Lived Narratives Emotional geographies as spatial infrastructure · Witte-Sakamoto Family Prize
Cities are mapped through land use, density, transit, and demographics — but these layers rarely explain where someone feels safe, excluded, creative, or at ease.
Lived Narratives reframes emotional experience as spatial infrastructure. This original research project develops a structured framework to capture, classify, and geocode lived narratives, integrating subjective experience into measurable urban systems. Recognized with the Witte-Sakamoto Family Prize, the work proposes a method for embedding human perception directly into spatial analysis.
Rather than treating emotion as anecdotal, this project treats it as data.
Location: University City, Philadelphia
Type: Self-directed research and pilot deployment
Objective: Build a replicable model for emotional mapping within urban planning systems
University City was selected for its density, mixed land use, institutional presence, and transit connectivity. Its layered infrastructure and demographic diversity created an ideal environment to test how structural conditions shape lived perception. The work moved deliberately from theory to implementation — grounding itself in “Soft City” scholarship and public life research before developing a spatial and participatory framework capable of generating structured emotional datasets.
The project began by constructing a quantitative spatial baseline. Using R, QGIS, and ArcGIS, I analyzed park access (proximity thresholds), retail concentration, shooting exposure, broadband and device distribution, and transit connectivity. These layers established the structural conditions under which everyday experience unfolds — revealing inequities in safety, access, and connectivity across census tracts.
To prevent emotional data from becoming unstructured narrative, I developed a formal taxonomy linking defined emotional states (calm, safe, isolated, uncomfortable, nostalgic) with everyday actions such as creative expression, acts of kindness, harassment experiences, celebrations, and routine use.
Data collection combined informal interviews, real-time geocoded mapping, and structured form submissions capturing demographic variables and visit frequency. Each narrative was spatially anchored and categorized, enabling pattern-based interpretation across the study area.
The result is a hybrid map — one that reveals not only what exists in space, but how it is experienced.

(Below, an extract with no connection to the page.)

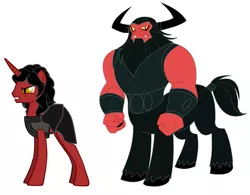 Size: 1155x902 | Tagged: safe, artist:peachiekeenie, banned from derpibooru, deleted from derpibooru, derpibooru import, lord tirek, ponified, pony, pony creator, familiar, g1, g1 to g4, generation leap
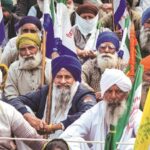 Farmers at the Punjab-Haryana Shambhu border during their Delhi Chalo protest on Sunday | PHOTO: PTI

This project demonstrates that emotional experience is not abstract — it follows infrastructure. Areas with limited park access, weaker retail presence, and higher safety exposure showed higher concentrations of discomfort and isolation. Well-connected public spaces revealed patterns of routine engagement, calm, and creative expression.
When structured deliberately, subjective perception becomes analyzable without being reduced. Emotional mapping expands planning from measuring physical systems to understanding relational ones — how people interact with, interpret, and internalize space. Urban data systems are highly effective at measuring assets and deficits; they are less equipped to measure belonging. Lived Narratives proposes that belonging is a spatial condition that can be studied, visualized, and designed for.